French Protests: The Cost of Sarkozy's Show of Force
French gendarmes face striking workers as they block the entrance of the Grandpuits oil refinery southeast of Paris today after police took over the Total installation (photo by Reuters)
story by Time
written by Bruce Crumley/Paris
The fierce showdown over retirement reform in France entered what appeared to be a decisive phase on Friday, as riot police moved in to break up a strike at an oil refinery outside of Paris less that 24 hours after President Nicolas Sarkozy had employed combative language in a pledge to see his pension revision to term. The action appeared to signal the government's view that key factors in the confrontation had turned in its favor, allowing it to mount an offensive push toward victory in both parliament and the streets alike.
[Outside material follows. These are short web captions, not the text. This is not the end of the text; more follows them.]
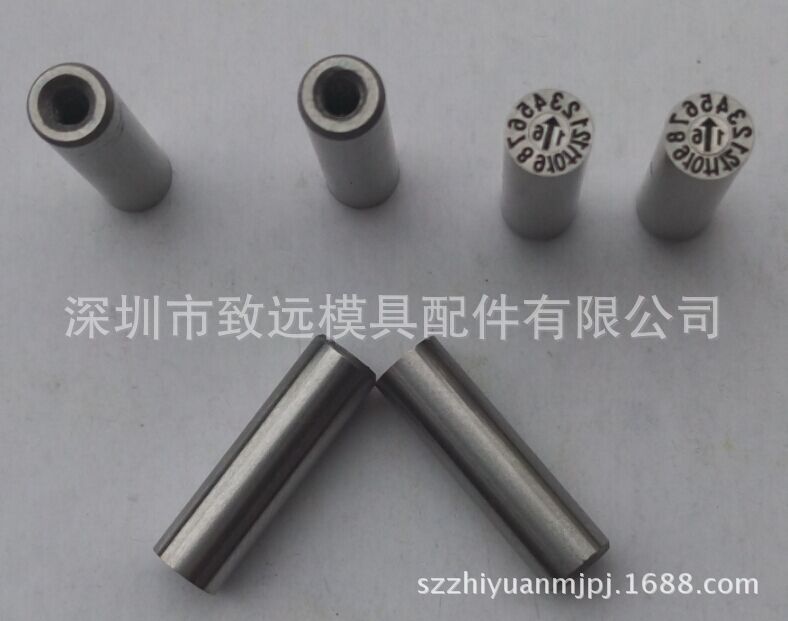 塑膠模具日期章加工 DEM日期章 美標日期章 換芯日期章 非標定做工廠,批發,進口,代購
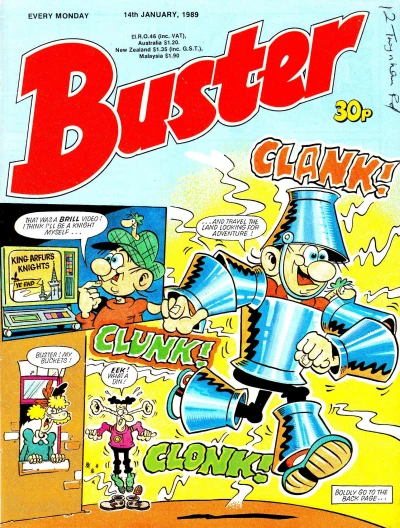 Cover of Issue #19890114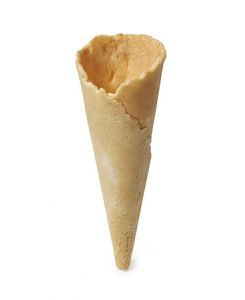 Confiletas Mini Neutral Cone Wafer, Ø30x78 mm, 140 tk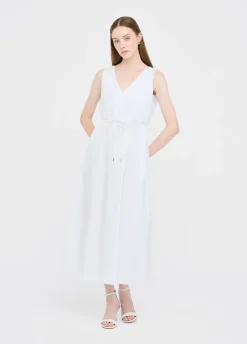 Liu Jo Robe longue en popeline|Femme Robes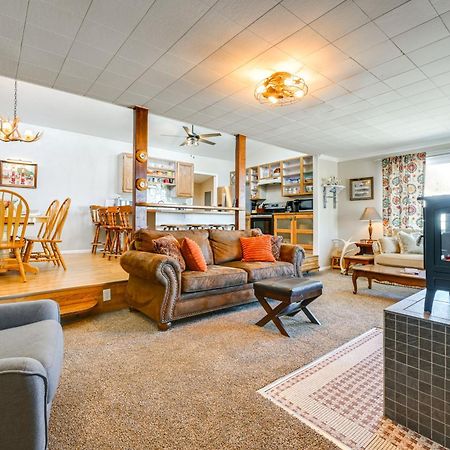 8 Mi To Hiking Home With Patio In Dtwn Pioche Exterior photo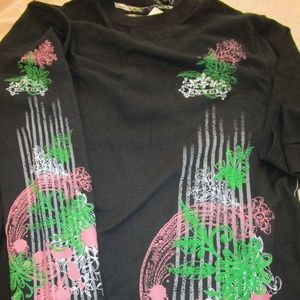 NWT ENYCE Graphic Long Sleeve T-Shirt - Size 4XL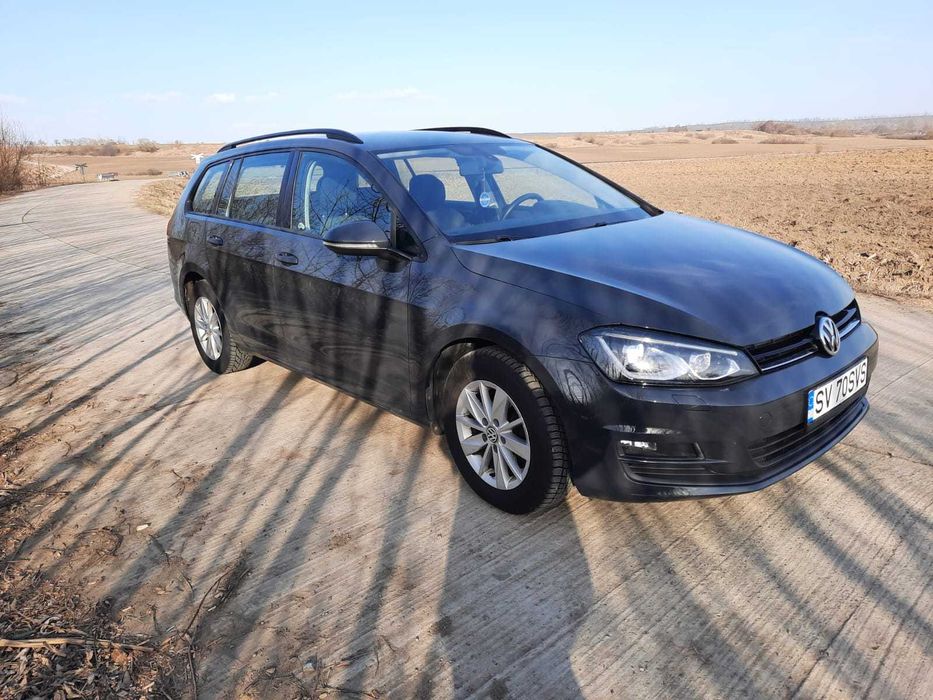 Volkswagen golf 7 2015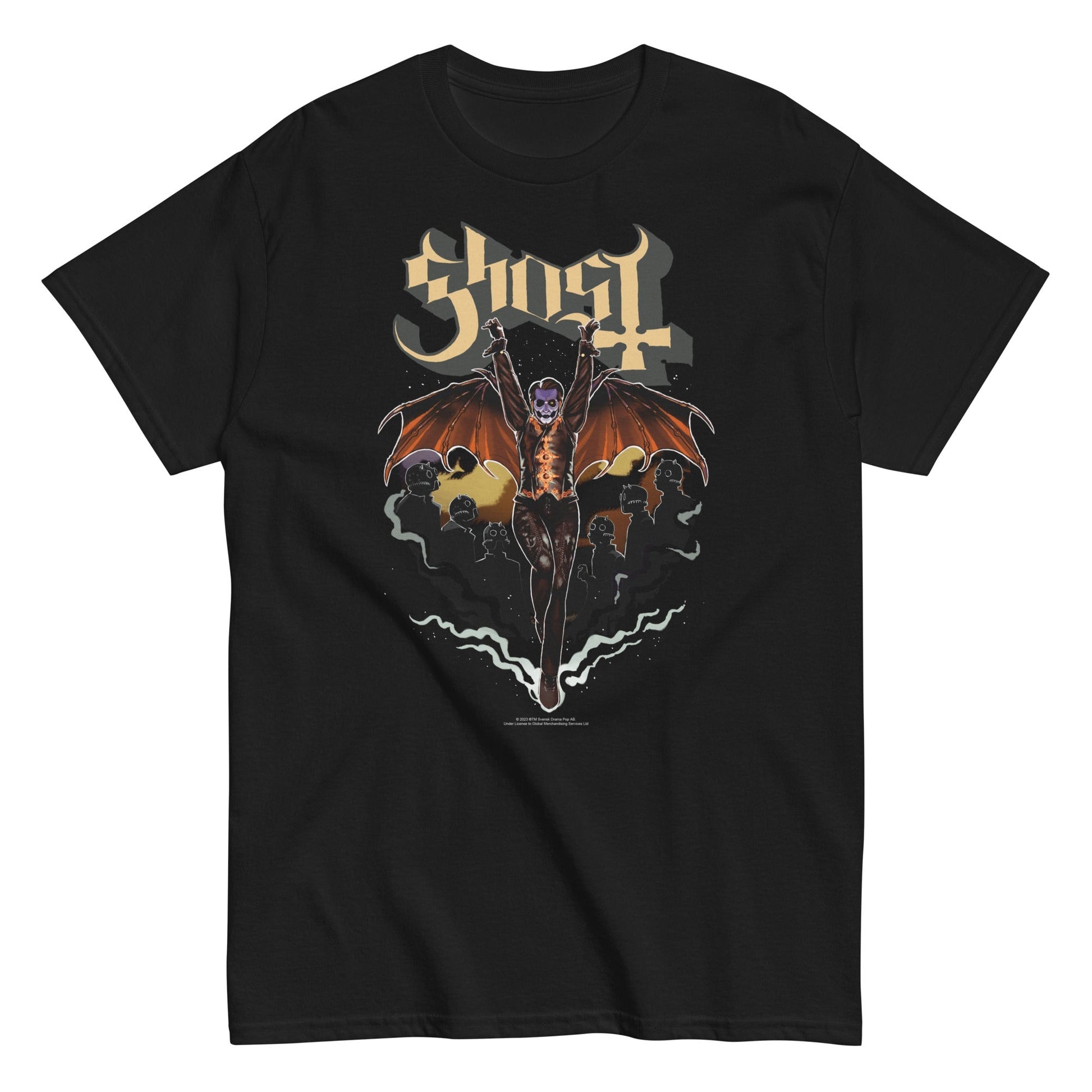 Ghost - Fly Over T-Shirt - Mainstay Entertainment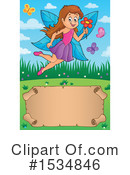 Fairy Clipart #1534846 by visekart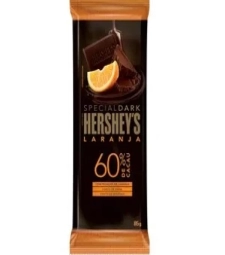 Imagem de capa de Chocolate Barra Hersheys 12 X 85g Dark Laranja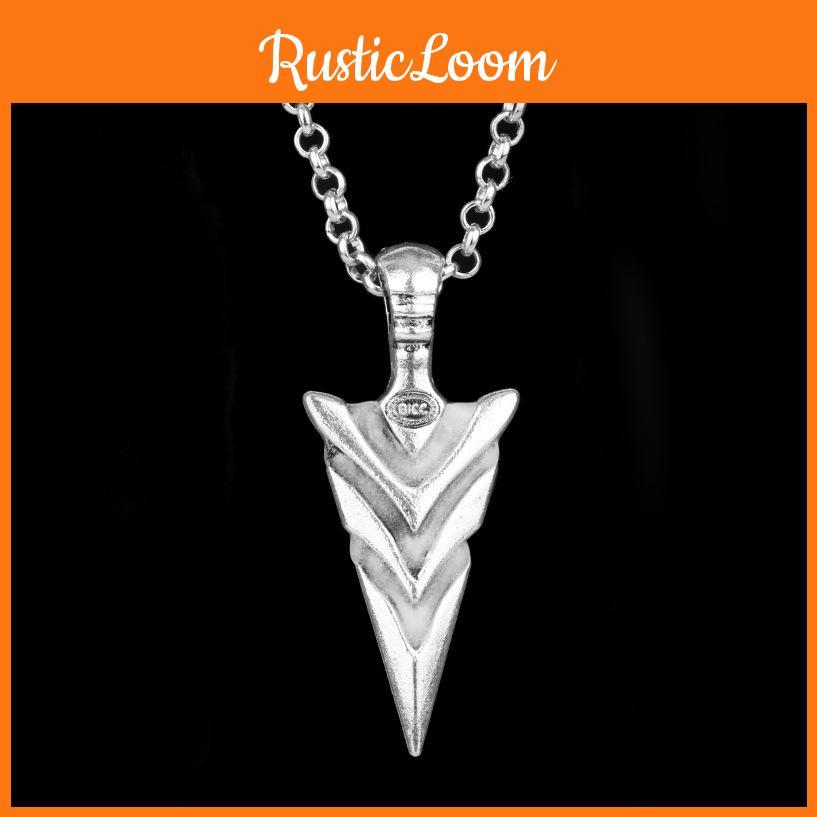 Arrow Luminous Necklace Pendant Jewelry Necklace For Gift And Holiday Decor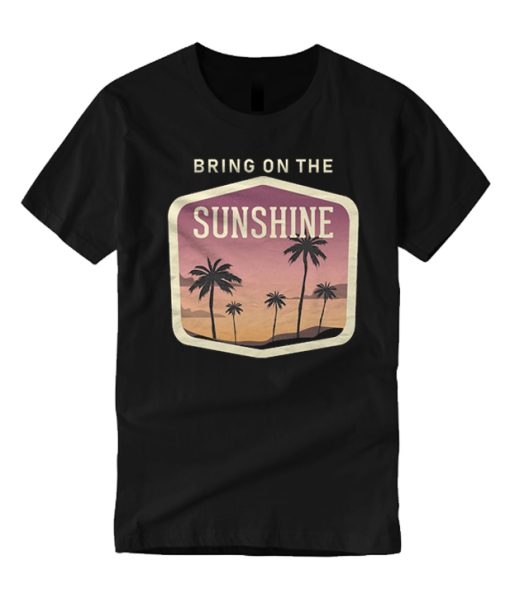 Sunshine Lover smooth T Shirt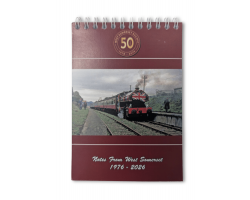 WSR 50th Anniversary Notebook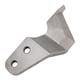 thumbnail image 1 of TICFOX Cuchilla para Máquina De Coser, Cuchilla para Máquina De Coser De Puño Fácil De Instalar De Acero Inoxidable para El Hogar, 1 of 5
Unions said three employees of the Grandpuits refinery east of Paris were injured when police moved in around 9 a.m. to clear the blockade that strikers have maintained for the past ten days. The barricade was one of a dozen that had largely shut down France's refineries, producing gas shortages across the country that Sarkozy vowed on Thursday to resolve. The demonstrators' chokehold on gas supplies had become a strategic element in the widespread opposition to plans to revise France's deficit-plagued pension scheme by increasing the minimum retirement age from 60 to 62 years, the age to collect full benefits from 65 to 67, and the amount of time an employee is required to pay into it by one year to 41.5. But a large majority of French have resisted the initiative as unfair, and have launched rolling strikes and enormous, at times violent demonstrations since early September. With protesting students in several French cities continuing to battle police and engaging in acts of vandalism on a daily basis, Sarkozy on Thursday warned he'd put a stop to all insurrectionist forms of opposition.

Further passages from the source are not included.